Dabei ist es noch nicht lange her, dass die Partnerschaft der beiden Unternehmen weit über eine klassische Lieferbeziehung hinausging. Handelsexperten sprachen von einer regelrechten Markensymbiose, schließlich arbeiteten Alnatura-Gründer Götz Rehn und dm-Patron Werner seit den Achtzigerjahren zusammen, sie sind verschwägert, waren befreundet und teilten neben dem gleichen Vornamen auch gemeinsame Ideale.

Rehn hatte damals einen italienischen Bekannten gefragt, was „zur Natur“ auf Italienisch heißt und die Antwort „alla natura“ bekommen. Im Herbst 1984 meldete er die Wortschöpfung als Warenzeichen an und schloss mit Werner wenig später eine Vereinbarung, die sich wie ein anthroposophisches Manifest liest. Ziel sei es, heißt es darin, „eine Humanisierung des Wirtschaftslebens“ auf Grundlage der von Rudolf Steiner entwickelten „Sozialorganik“ anzustreben. Der Aufstieg von Alnatura begann.

Sukzessive eröffnete Rehn eigene Supermärkte und baute zugleich die Partnerschaft mit dm aus. Auf immer mehr Produkten in den Regalen der Drogeriekette pappte fortan das grün-schwarze Sonnensymbol – und beide Seiten profitierten. So kurbelte das stürmische Wachstum der Drogeriekette die Verkäufe von Alnatura an. Gleichzeitig pilgerten Alnatura-Fans gezielt in dm-Läden, um sich mit Schokocremes, Biomilch und Brotaufstrichen zu bevorraten. Zwischen 2006 und 2015 stieg der Alnatura-Umsatz von rund 185 auf 760 Millionen Euro. 2014 kürte die Brandmeyer Markenberatung Alnatura gar zur beliebtesten Lebensmittelmarke der Deutschen.

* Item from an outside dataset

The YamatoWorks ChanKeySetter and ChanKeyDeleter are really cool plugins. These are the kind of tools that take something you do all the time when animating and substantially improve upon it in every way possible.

Hinter den Kulissen flogen da bereits die Fetzen zwischen den Anthroposophen, zeigen Gerichtsunterlagen. dm forderte demnach günstigere Konditionen sowie die Offenlegung von Einkaufspreisen und Lieferantenbeziehungen. Alnatura-Chef Rehn lehnte ab, worauf sich dm wiederum weigerte, Rechnungen über rund zwei Millionen Euro zu bezahlen. So schaukelte sich der Konflikt immer weiter hoch.

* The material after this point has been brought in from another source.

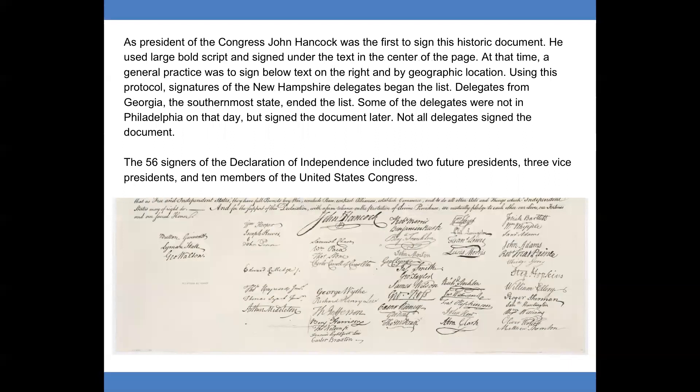As president of the Congress, John Hancock was the first to sign this historic document. He used large, bold script and signed under the text in the center of the page. At that time, a general practice was to sign below text on the right by geographic location. Using this protocol, signatures of the New Hampshire delegates began the list.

„Aufgrund der Differenzen hat Alnatura die Lieferverträge mit uns fristlos gekündigt“, erinnert sich Christoph Werner. Deutschlands größter Drogist stand plötzlich vor einem gewaltigen Problem, denn Alnatura war bis dahin die einzige Biomarke im Sortiment. „Daher mussten wir schnell für Ersatz sorgen“, sagt Werner. Die Karlsruher stampften in Rekordzeit ihre Eigenmarke aus dem Boden.

Die größten Bio-Supermärkte in Deutschland nach Umsatz

Die Pläne dafür lagen allerdings schon in den Schubladen des Konzerns, bevor der Konflikt eskalierte, „allerdings in einem deutlich kleineren Maßstab“, so dm-Chef Harsch. Erst nach der Vertragskündigung änderte sich die Lage. Statt der versprengten Solitäre launchte der Konzern eine komplette Biolinie, deren Produkte sich nun „mindestens genauso gut, oft sogar besser“ als Alnatura-Artikel verkaufen würden, so Harsch.

Auch Rehn fand neue Partner. Seit Kurzem beliefert Alnatura die direkten dm-Wettbewerber Rossmann und Müller. Zuvor hatte er bereits bei Edeka angedockt und das bekannteste deutsche Biolabel damit in die Regale des größten Lebensmittelhändlers des Landes gebracht. „Hätten wir das nicht gemacht, wäre ich heute nicht hier“, verteidigte Rehn den Schritt bei der Vorstellung der Alnatura-Bilanz Mitte November im Frankfurter Haus am Dom.

Drahtig, in perfekt sitzendem dunklem Anzug federte Rehn dort von Tisch zu Tisch, um trotz rauschender Klimaanlage die Fragen der Journalisten zu verstehen. Neue Produkte? Rote-Beete-Cracker, Birkenwasser und Moringa-Tee seien frisch ins Sortiment aufgenommen worden. Der Umsatz? Stieg leicht auf 762 Millionen Euro. Die eigenen Filialen und die Kooperationen mit den neuen Partnern hätten den Regalbann bei dm kompensiert, sagt Rehn.